▸ **AIM OF THE EXERCISE**: Only the lines from the one containing "Bright bedroom with" through the end of the records should be retyped, exactly and including both ends; pictures stay out.

▸ **RECORDS TO USE**:
*-*-*
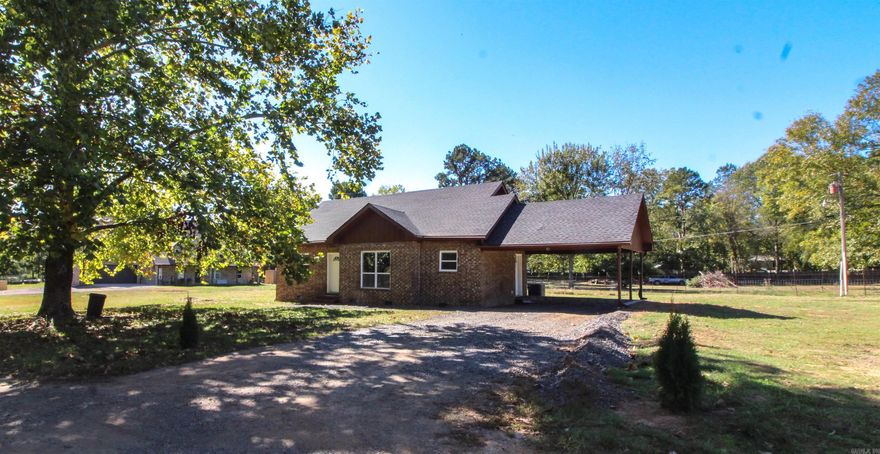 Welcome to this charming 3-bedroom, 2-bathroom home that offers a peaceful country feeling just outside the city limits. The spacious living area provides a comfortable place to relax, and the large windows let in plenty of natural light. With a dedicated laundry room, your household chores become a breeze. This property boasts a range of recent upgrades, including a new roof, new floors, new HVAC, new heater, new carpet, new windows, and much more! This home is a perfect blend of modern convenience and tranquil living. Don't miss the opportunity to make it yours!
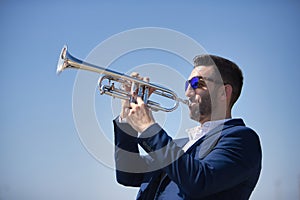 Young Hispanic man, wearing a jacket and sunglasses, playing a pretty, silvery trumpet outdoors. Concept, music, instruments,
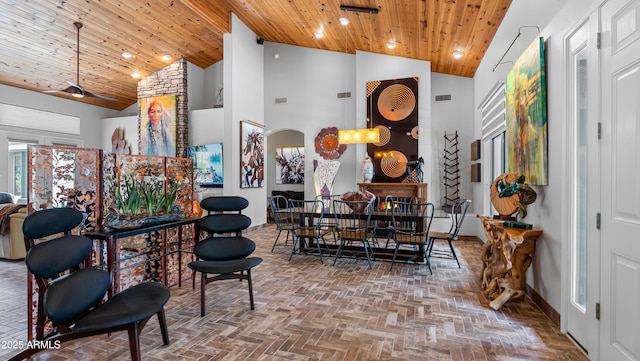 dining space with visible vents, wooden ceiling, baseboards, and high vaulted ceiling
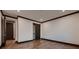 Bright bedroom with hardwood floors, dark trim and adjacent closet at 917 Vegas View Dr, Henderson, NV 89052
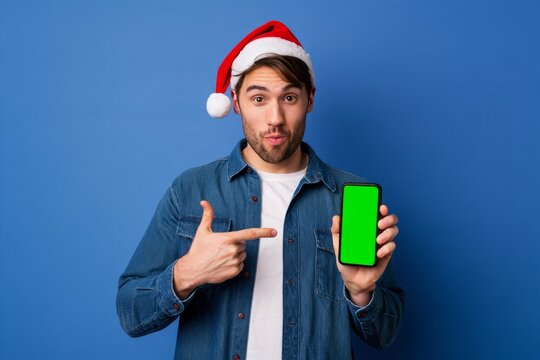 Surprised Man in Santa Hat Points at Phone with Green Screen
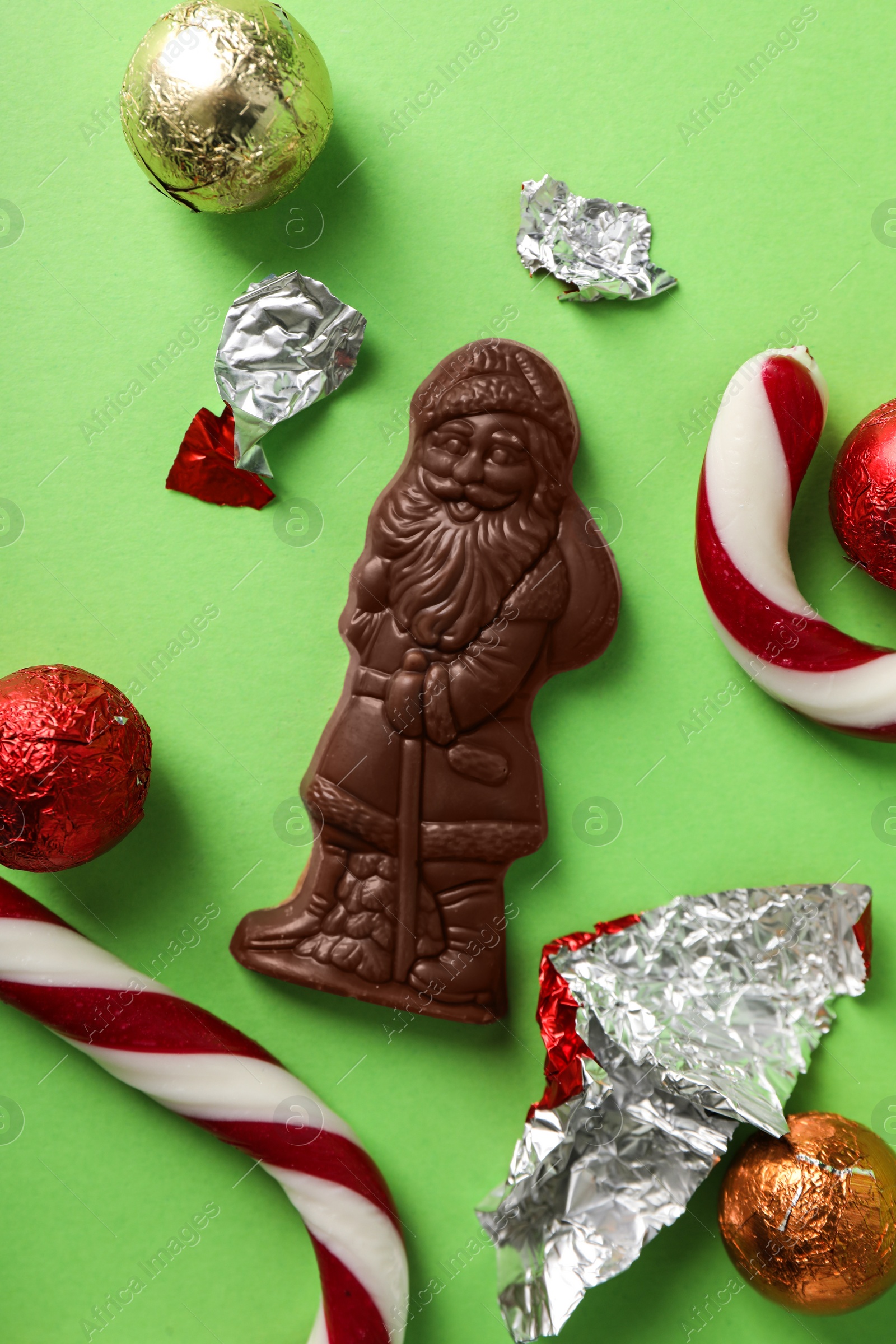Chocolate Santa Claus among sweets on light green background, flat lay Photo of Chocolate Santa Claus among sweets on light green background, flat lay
*-*-*
▸ **FINISHED TASK**:
 Bright bedroom with hardwood floors, dark trim and adjacent closet at 917 Vegas View Dr, Henderson, NV 89052
 Surprised Man in Santa Hat Points at Phone with Green Screen
Chocolate Santa Claus among sweets on light green background, flat lay Photo of Chocolate Santa Claus among sweets on light green background, flat lay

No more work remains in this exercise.